## Task brief
Strip the pictures, then copy the remaining data exactly as it stands.
#### Information given ####
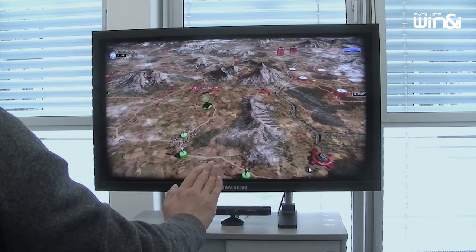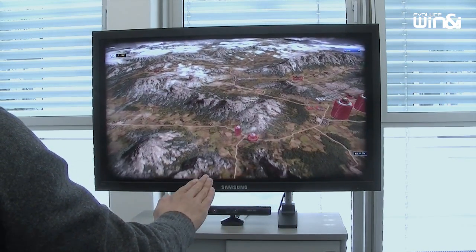Wind&Eye changes the way you will interact with your PC. Take control now!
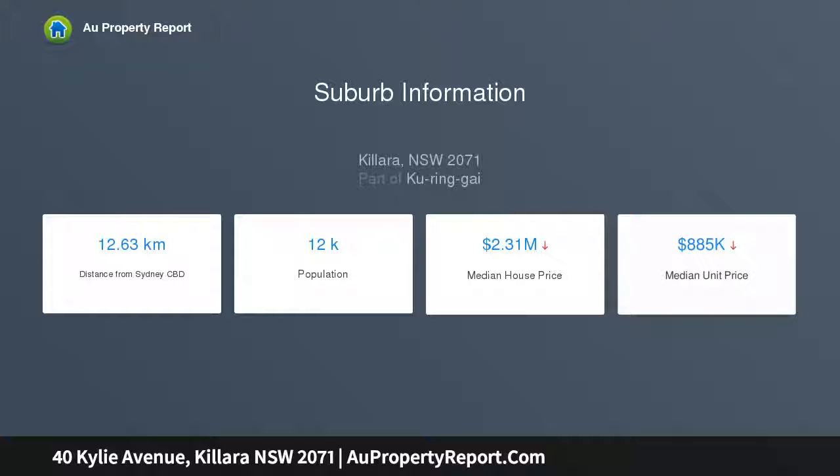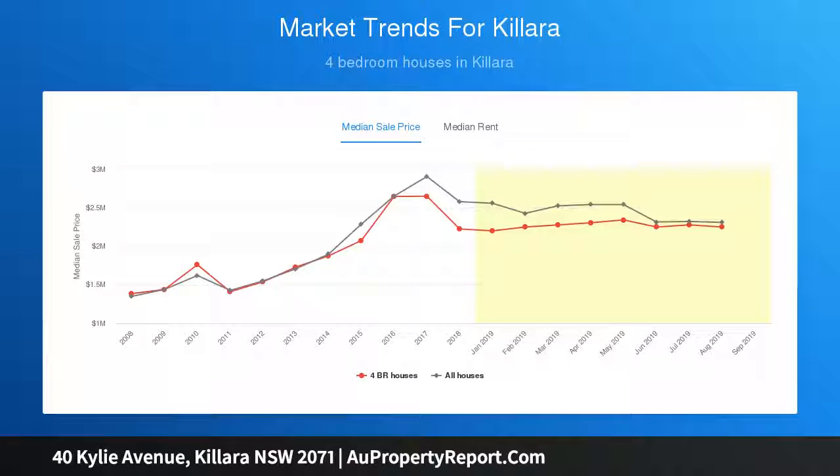A prized east side location within the Kilara High School catchment and a lovely walk from Kilara Station or Gordon Station.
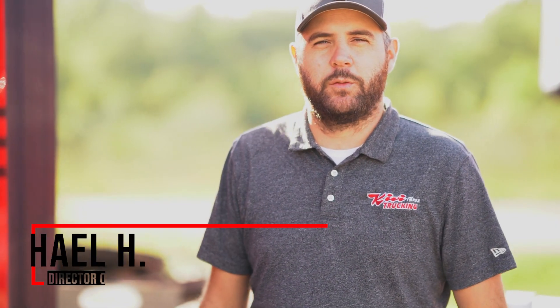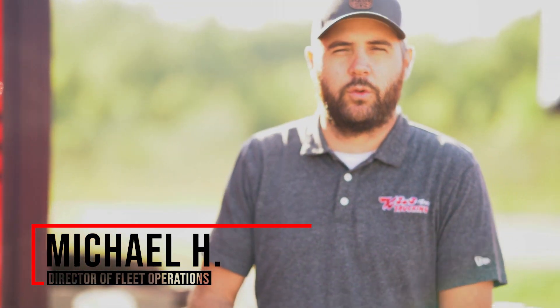Hi, my name is Michael with Kiwi Brothers Fleet Department, just going over some pre-winter things that we can kind of watch for now that the temps are starting to drop a little bit.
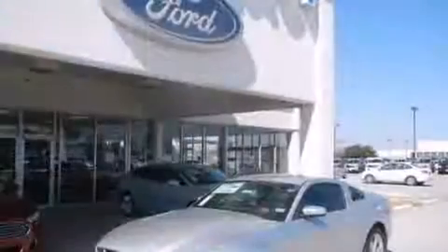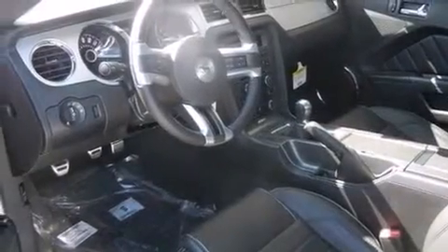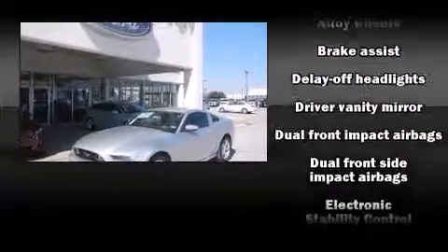With high-intensity discharge headlights illuminating your path, you'll always appreciate maximum visibility. You and your passengers will enjoy the stereo system, which includes a CD player with MP3 capability and four well-positioned speakers.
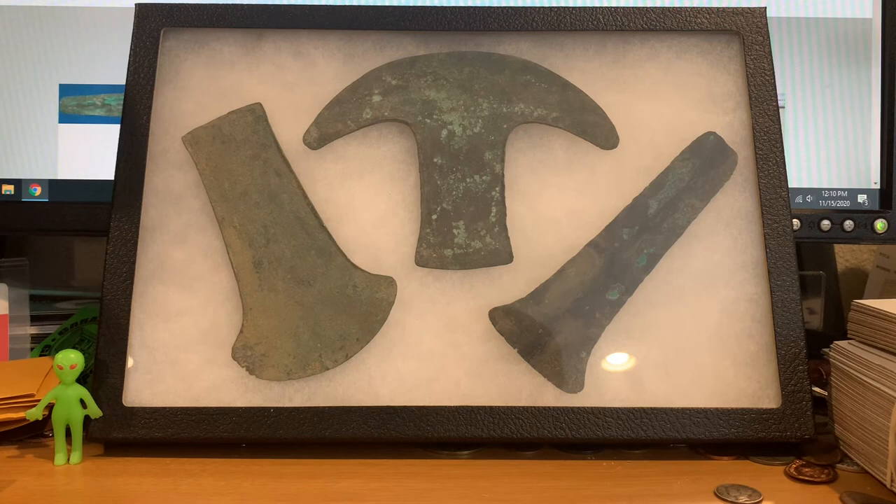They don't seem to have a set weight. Of my three examples, the one on the left and the middle one are pretty heavy, and then the one on the right is super thin and light. I've even seen them very small — small enough to fit into a standard coin two-by-two.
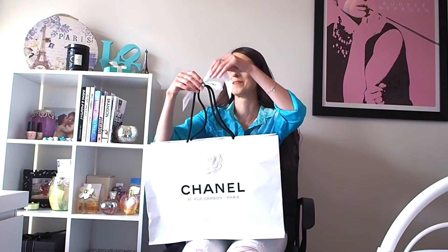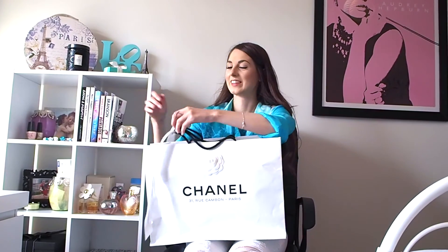I ended up having to go back a couple of hours later, and they brought the exact bag that I wanted. So yeah, incredibly lucky. I'm not going to keep you any longer — I'm going to open the bag now. This is pretty exciting. It's something that I've always wanted.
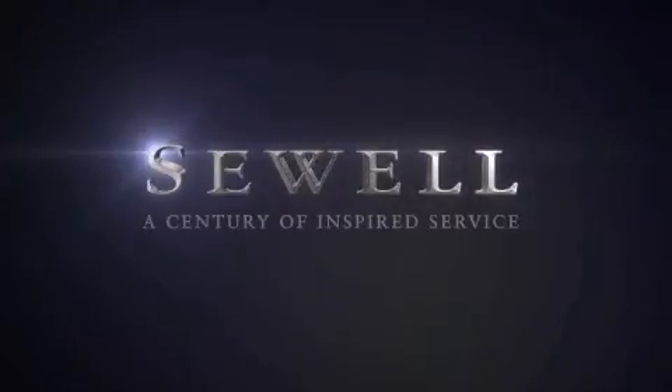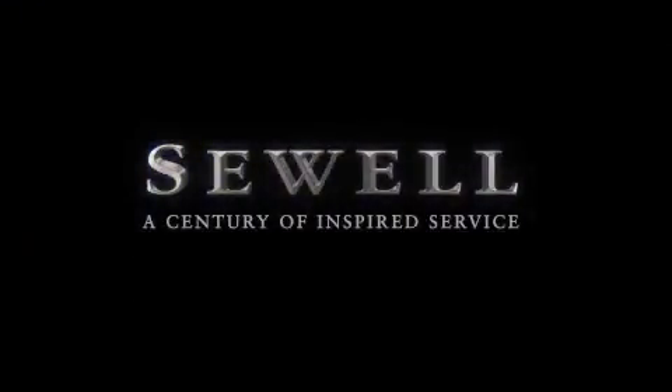At Sewell, our obsession with service extends to all of our customers, including pre-owned. Buying a pre-owned from Sewell means complimentary loan cars and washes for the life of your vehicle come standard. Let us show you what over a century of inspired service has taught us.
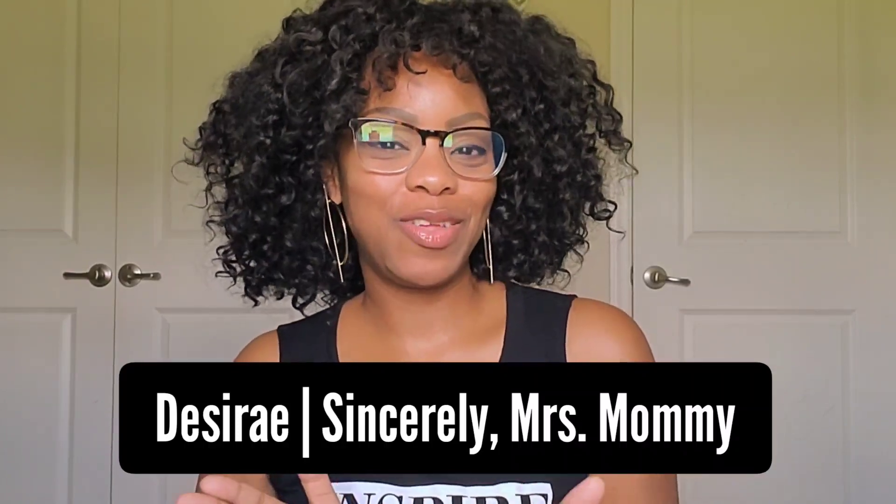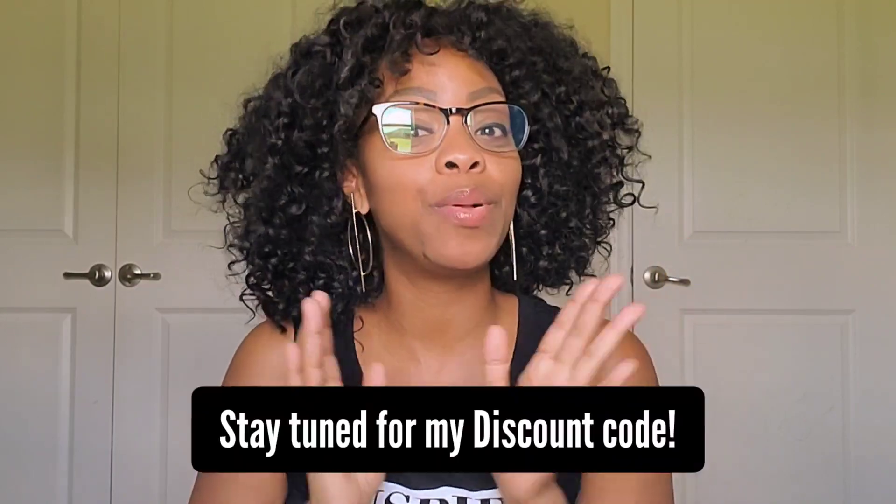Hey everyone, my name is Desiree of Sincerely and Mrs. Mommy, and I wanted to share with you some new glasses that I got and where you can get them, plus a great discount code to get a pair of your own. I was already in the market looking for some blue light lens protective glasses. I work on my phone and my computer all day — between social media, answering emails, working on my blog — I'm constantly in front of a screen. I knew it was time to start taking care of my eyes because I just don't want them to deteriorate. They are one of the most important assets I have and I need to protect them.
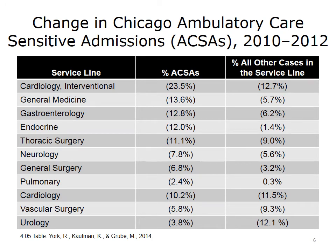This slide shows the reductions in ambulatory care-sensitive admissions in Chicago from 2010 to 2012. Among service lines including cardiology at the top and pulmonary at the bottom, there were statistically significant reductions ranging from 23.5% to 2.4% compared to all other cases in the service line. There were no statistically significant differences in cardiology, vascular surgery, and urology. The net effect was a reduction in inpatient hospital stays, consistent with national trends toward lower inpatient utilization, underscoring the impact of value-based payment.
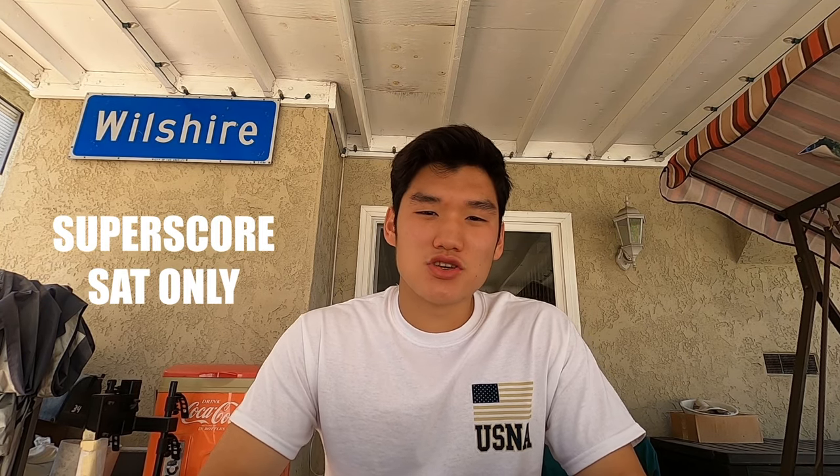Academics is pretty clear-cut — just try and get as high a GPA, SAT, or ACT score as you can. All the academies accept both the SAT and the ACT, so whichever test you score higher on, I recommend going in with that one. The academies do a unique thing with SAT scores called super scoring, which means you can grab your best math score and your best English score from two different tests and combine them to make your best SAT composite score.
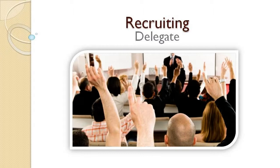Step 2: Recruit a support system. Oftentimes, fundraising chairs don't delegate enough of their responsibilities. Recruit a team to support you.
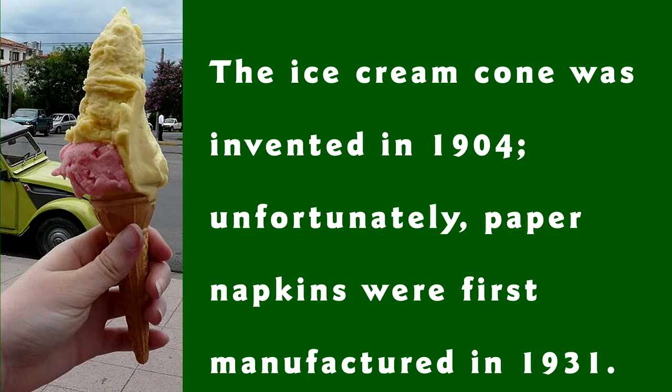Hey Dad, here's an interesting sentence. The ice cream cone was invented in 1904. Unfortunately, paper napkins were first manufactured in 1931.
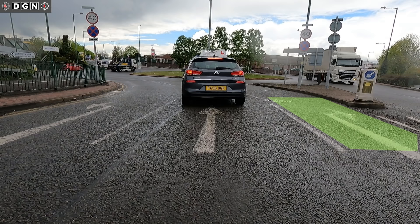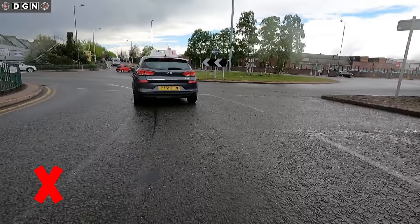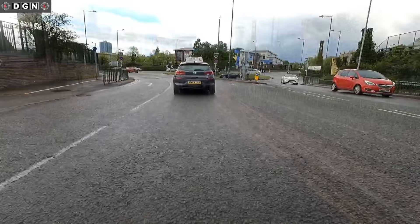The mistake that I see many drivers making is that after entering the roundabout from the middle lane, they tend to drift over to the right hand lane, and this would be a serious fault on the driving test. Always imagine that there is another vehicle to your right and stay in your lane, as you can see here.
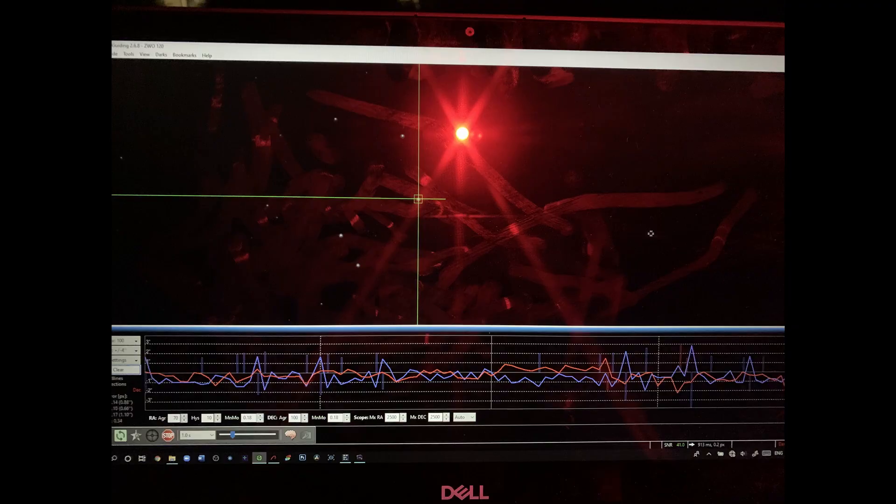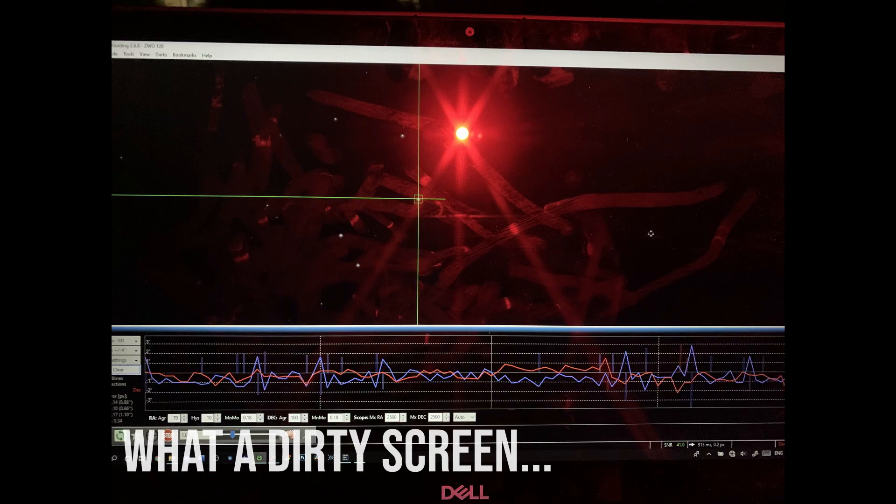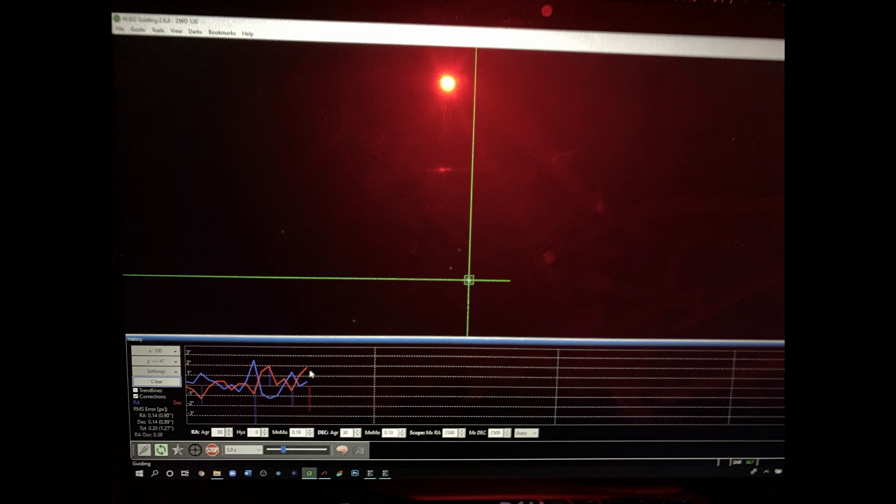Which meant I had to do 60 second exposures. I came to the conclusion last night that PHD2 really doesn't like me — I've been out two nights now and lost my guide settings in a software fail. Even with all the settings restored, PHD2 is deciding to throw a 30 RMS error graph at me. As you can see here, I managed to get it under control for about five seconds and then it went a bit bonkers again.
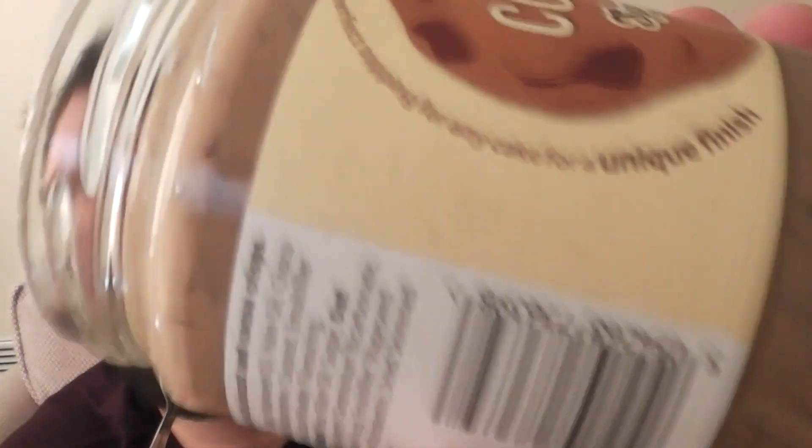On the packaging it says 'perfect topping for any cake for a unique finish.' I'll give you a unique finish. I've just read it — it says 'chocolate flavored spread with biscuit and cocoa crisps.' So yeah, that explains a lot.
####
## Exercise result
Wind&Eye changes the way you will interact with your PC. Take control now!
A prized east side location within the Kilara High School catchment and a lovely walk from Kilara Station or Gordon Station.
Hi, my name is Michael with Kiwi Brothers Fleet Department, just going over some pre-winter things that we can kind of watch for now that the temps are starting to drop a little bit.
With high-intensity discharge headlights illuminating your path, you'll always appreciate maximum visibility. You and your passengers will enjoy the stereo system, which includes a CD player with MP3 capability and four well-positioned speakers.
They don't seem to have a set weight. Of my three examples, the one on the left and the middle one are pretty heavy, and then the one on the right is super thin and light. I've even seen them very small — small enough to fit into a standard coin two-by-two.
I ended up having to go back a couple of hours later, and they brought the exact bag that I wanted. So yeah, incredibly lucky. I'm not going to keep you any longer — I'm going to open the bag now. This is pretty exciting. It's something that I've always wanted.
At Sewell, our obsession with service extends to all of our customers, including pre-owned. Buying a pre-owned from Sewell means complimentary loan cars and washes for the life of your vehicle come standard. Let us show you what over a century of inspired service has taught us.
Hey everyone, my name is Desiree of Sincerely and Mrs. Mommy, and I wanted to share with you some new glasses that I got and where you can get them, plus a great discount code to get a pair of your own. I was already in the market looking for some blue light lens protective glasses. I work on my phone and my computer all day — between social media, answering emails, working on my blog — I'm constantly in front of a screen. I knew it was time to start taking care of my eyes because I just don't want them to deteriorate. They are one of the most important assets I have and I need to protect them.
This slide shows the reductions in ambulatory care-sensitive admissions in Chicago from 2010 to 2012. Among service lines including cardiology at the top and pulmonary at the bottom, there were statistically significant reductions ranging from 23.5% to 2.4% compared to all other cases in the service line. There were no statistically significant differences in cardiology, vascular surgery, and urology. The net effect was a reduction in inpatient hospital stays, consistent with national trends toward lower inpatient utilization, underscoring the impact of value-based payment.
Academics is pretty clear-cut — just try and get as high a GPA, SAT, or ACT score as you can. All the academies accept both the SAT and the ACT, so whichever test you score higher on, I recommend going in with that one. The academies do a unique thing with SAT scores called super scoring, which means you can grab your best math score and your best English score from two different tests and combine them to make your best SAT composite score.
Step 2: Recruit a support system. Oftentimes, fundraising chairs don't delegate enough of their responsibilities. Recruit a team to support you.
Hey Dad, here's an interesting sentence. The ice cream cone was invented in 1904. Unfortunately, paper napkins were first manufactured in 1931.
The mistake that I see many drivers making is that after entering the roundabout from the middle lane, they tend to drift over to the right hand lane, and this would be a serious fault on the driving test. Always imagine that there is another vehicle to your right and stay in your lane, as you can see here.
Which meant I had to do 60 second exposures. I came to the conclusion last night that PHD2 really doesn't like me — I've been out two nights now and lost my guide settings in a software fail. Even with all the settings restored, PHD2 is deciding to throw a 30 RMS error graph at me. As you can see here, I managed to get it under control for about five seconds and then it went a bit bonkers again.
On the packaging it says 'perfect topping for any cake for a unique finish.' I'll give you a unique finish. I've just read it — it says 'chocolate flavored spread with biscuit and cocoa crisps.' So yeah, that explains a lot.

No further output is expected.